A maioria dessas afirmações foi feita ou replicada em redes sociais. Dado nosso perfil de consumo de informação, isso teve um efeito devastador no Brasil e contribuiu para ter mais gente se infectando por achar que a Covid não era grave ou que poderia ser tratada com remédio para piolho.

Dentre os acompanhados pelo Digital News Report do Reuters Institute, que estuda o consumo digital de notícias, o Brasil é um dos países que mais consomem notícias via redes sociais. Os brasileiros também estão entre os que mais comentam e compartilham o que leem. E entre os que mais fazem isso em grupos de WhatsApp e Facebook. Redes sociais são o meio por onde buscamos, espalhamos e criticamos informação, mesmo que venha originalmente de uma mídia tradicional.

Se grande parte da informação falsa é facilmente verificável, era de se esperar que as redes sociais agissem. E elas vêm fazendo isso. O Twitter suspendeu contas e o YouTube passou a remover vídeos com alegações falsas, por exemplo. Atitudes muito aprovadas pelos usuários, que ainda são mais voltadas para as eleições e poderiam nos poupar de muitas das mentiras que ouvimos na pandemia e que agora atrapalham a vacinação infantil.

Mas essa moderação pode estar com os dias contados, graças ao projeto de lei das fake news (PL 2630/2020). Na última versão apresentada, que está prestes a passar pelo processo de aprovação no Congresso, foi incluído um artigo que traz a imunidade parlamentar para as redes sociais.

Com esse gatilho, da maneira que o projeto de lei foi apresentado, eu ou você incitarmos pessoas à violência ou se chamarmos vacina de veneno em redes sociais, nossas postagens podem ser suspensas com base nos próprios termos de uso das plataformas. Já se um parlamentar ou se "contas de interesse público" fizerem isso, as postagens têm a garantia de ficar no ar —e também a garantia de serem circuladas por quem desinforma.

São milhões de brasileiros vivendo com sequelas da Covid e mais de 660 mil mortos. Ainda temos regiões como o Amapá onde menos da metade da população tomou duas doses da vacina.
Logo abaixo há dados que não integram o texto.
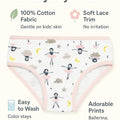 Stylish Women’s Panties with Stars, Moons & Clouds Pattern – WooAttire Cotton Lingerie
Temos índices cada vez piores de vacinação infantil.

São consequências mais do que suficientes para entender o impacto que figuras de interesse público podem ter quando desinformam a população em uma pandemia. Isso pensando só em informação sobre saúde.

Se o PL das fake news for aprovado como está, dará o instrumento para garantir uma classe de privilegiados que podem desinformar sem moderação e que teremos mais listas de mentiras e sofrimento evitável gerado por isso.